What to work on
What the answer must hold is the line containing "Wolters Strickpullover Ribsty petrol 50 cm" and all lines after it through the end of the listing, copied exactly, with pictures left out.

━━━ Records to process

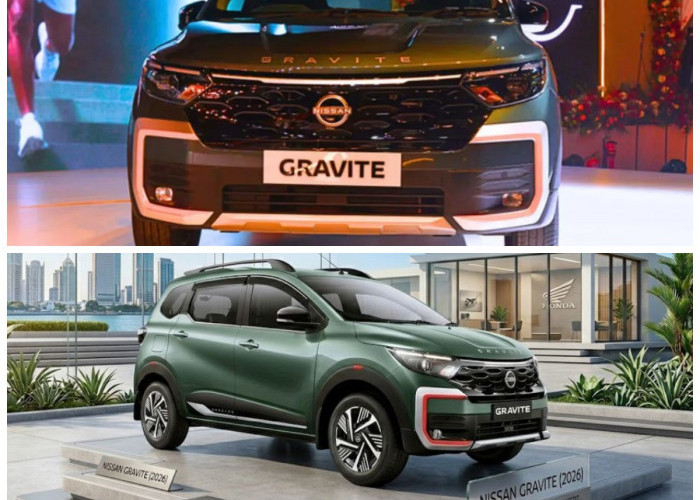 Nissan Gravite Siap Tantang Calya dan Sigra, MPV Murah Baru yang Patut Diperhitungkan?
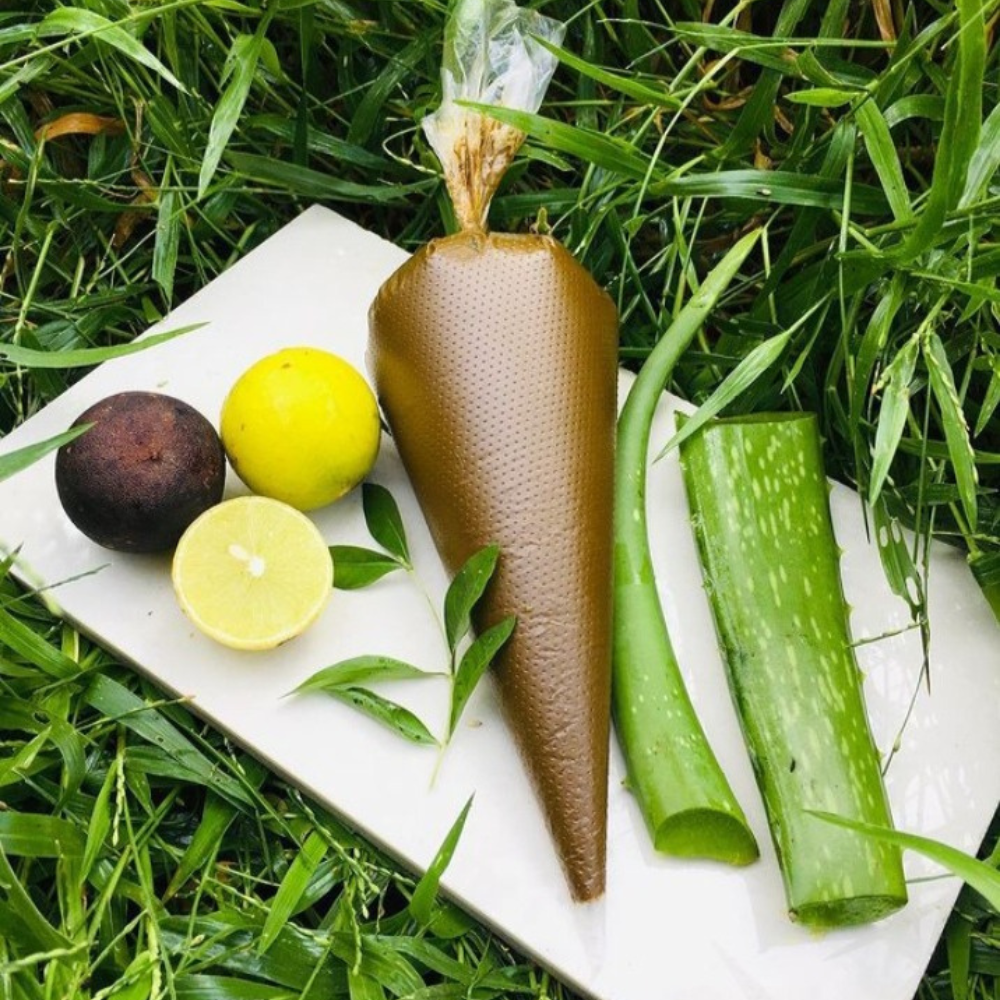 Inusha Henna Hair Henna Paste (250g)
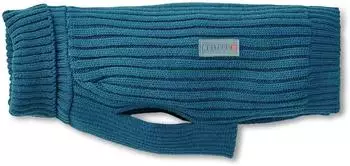 Wolters Strickpullover Ribsty petrol 50 cm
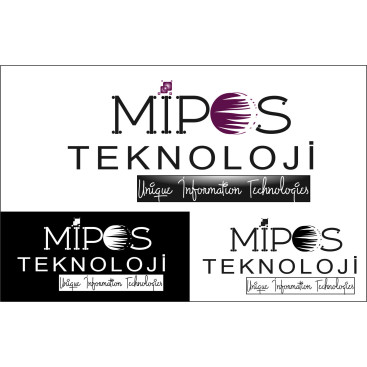 Mipos Seni Yeni Logo için Bekliyor... yarışmasına tasarımcı elifgrafikdesign tarafından sunulan  tasarım 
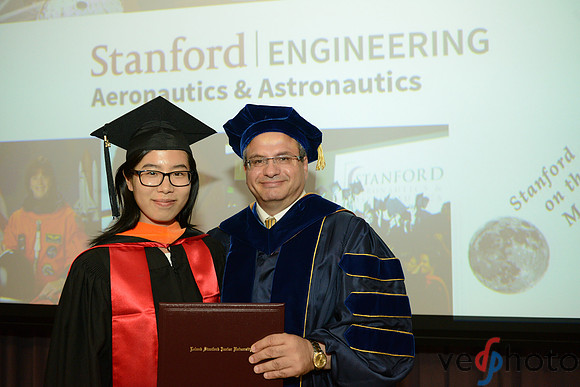 Stanford University Aero Astro Graduation 2016-585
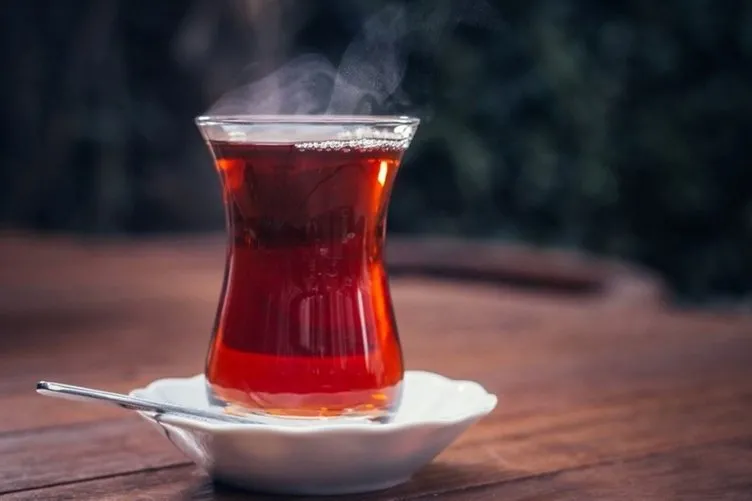 Türk çayını en çok o ülke içiyor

━━━━━━

Exercise answer
 Wolters Strickpullover Ribsty petrol 50 cm
 Mipos Seni Yeni Logo için Bekliyor... yarışmasına tasarımcı elifgrafikdesign tarafından sunulan  tasarım 
 Stanford University Aero Astro Graduation 2016-585
 Türk çayını en çok o ülke içiyor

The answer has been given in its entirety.